BREATH: For 5 minutes per day, learn to breathe deeply and slowly then start to do it when you walk around. Breathe through your nose unless you’re doing hard exercise.
WARM UPS: Show up early for your exercise. Warm up, get your blood pumping and stretch so your body is ready. Give it time to prepare and it will give you more at higher intensity of training which is what is needed to bring about change.
STRENGTH: Get as strong as you possible can. Not just a little bit – really make it a thing. It changes everything. Go very close to failure (safely). Reaching failure means you’re about to get better, not that you’re a useless person. Forget that bullshit mindset. Fail more in the gym and you’ll fail less outside of it.

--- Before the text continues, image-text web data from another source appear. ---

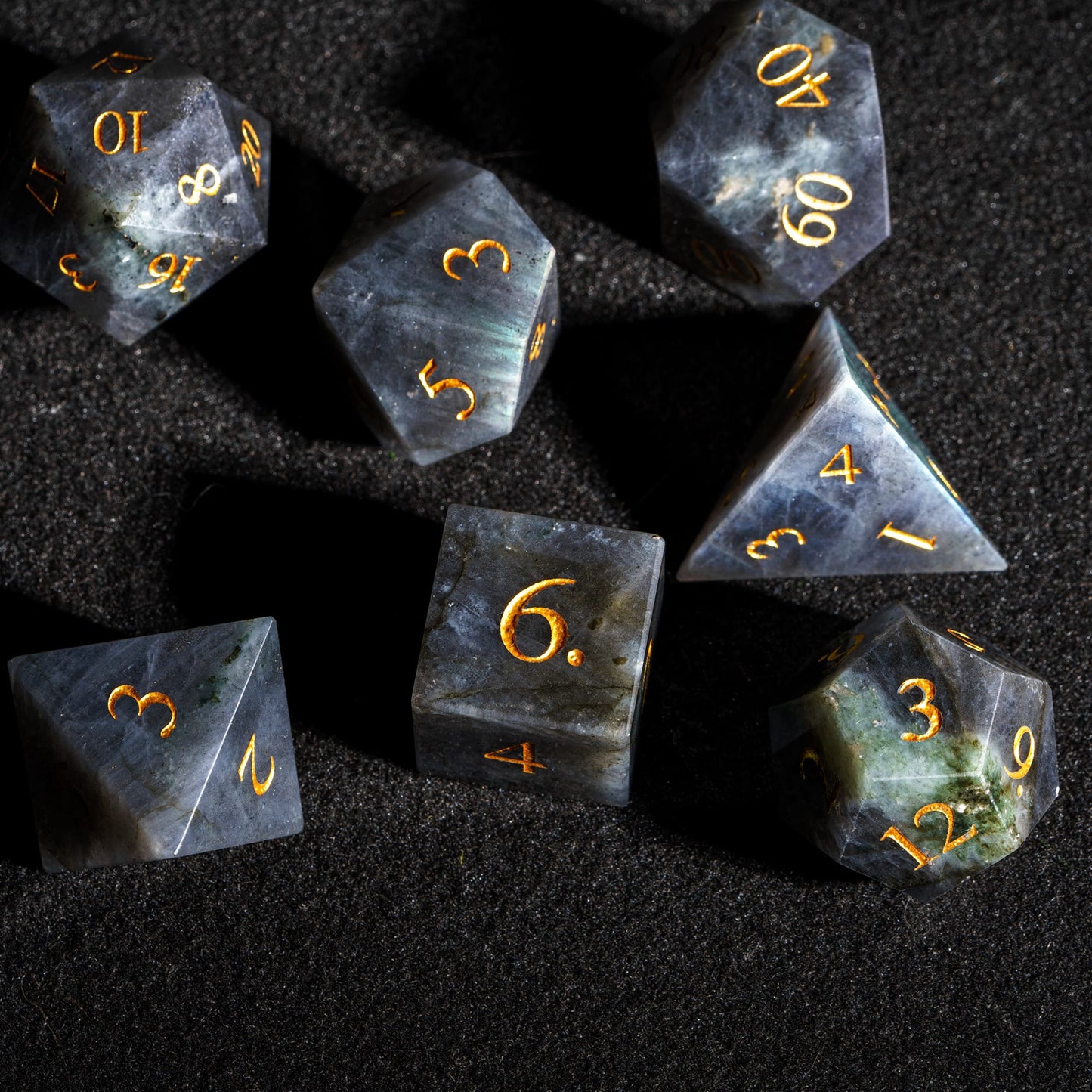 Top view of Labradorite Essence stone dice set featuring genuine labradorite gemstone dice with polished surfaces and gold numbering.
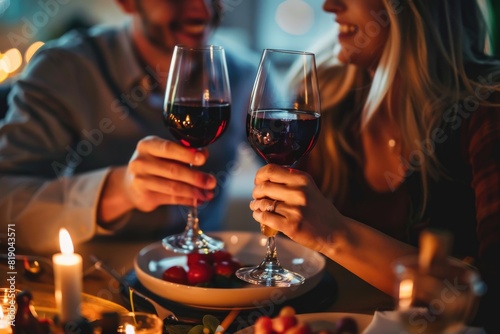 Couple toasting wine glasses during dinner date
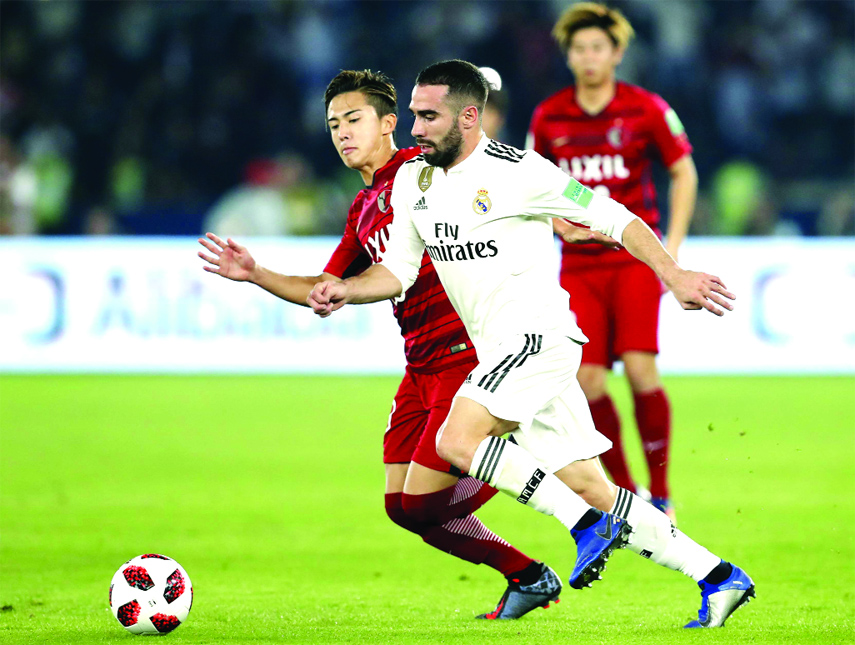 Real Madrid's defender Dani Carvajal (front) duels for the ball with Japan's Kashima Antlers Abe Hiroki during the Club World Cup semifinal soccer match between Real Madrid and Kashima Antlers at Zayed Sports City stadium in Abu Dhabi, United Arab Emira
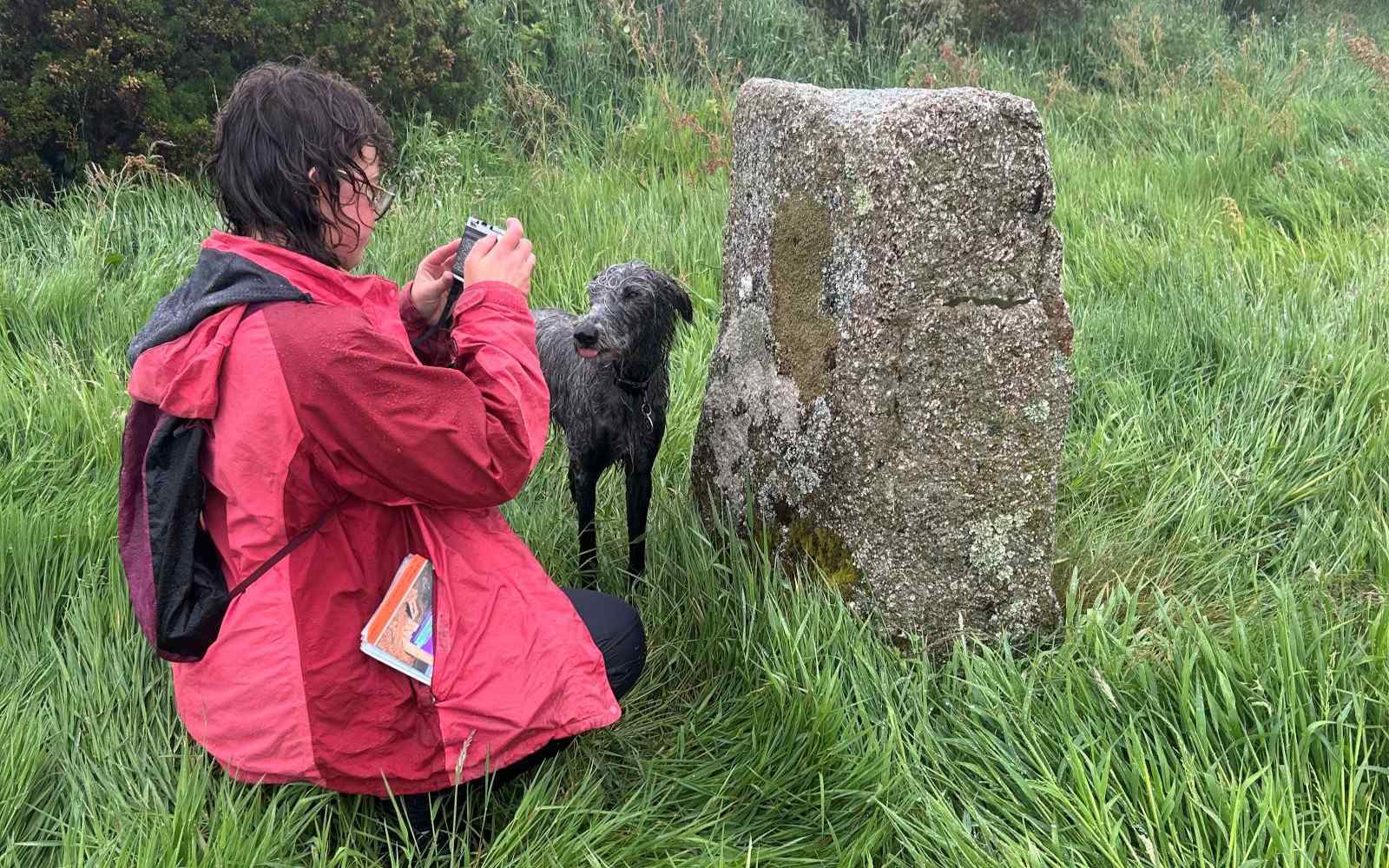 A student with her dog taking a photograph of a stone at a stone circle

CONDITIONING: Understand heart rate training and what each level of intensity does. Do it all and elevate what your body can do and for how long. Get super fit so al the stuff around the tightrope doesn’t feel like a workout, it’s just humans doing life.
MOVEMENT: Stretch and mobilise and find full ranges of motion in your workouts so that everything outside is well within your movement buffer zone and you can cope with it / enjoy it with ease.
Life is not meant to be lived as a challenge to create a straight line which never changes, never deviates and never gets harder.
Growth occurs at the edges of what you can do but you MUST be willing to go there.
Do this and ‘good days’ will become the norm, ‘great days’ will happen much more regularly and ‘bad days’ will become acceptable blips rather than things that bring you down for a few weeks or months!
Train until you look like shit in the gym. Eat natural food most of the time. Go to bed early . Do your stretches. Get in cold water. Sweat hard and look like a beetroot. Stop trying to spend your way to happiness. Be bored more often. Give yourself nothing to do sometimes.
Doing the unsexy stuff is what makes you sexy, your body sexy and your life sexy!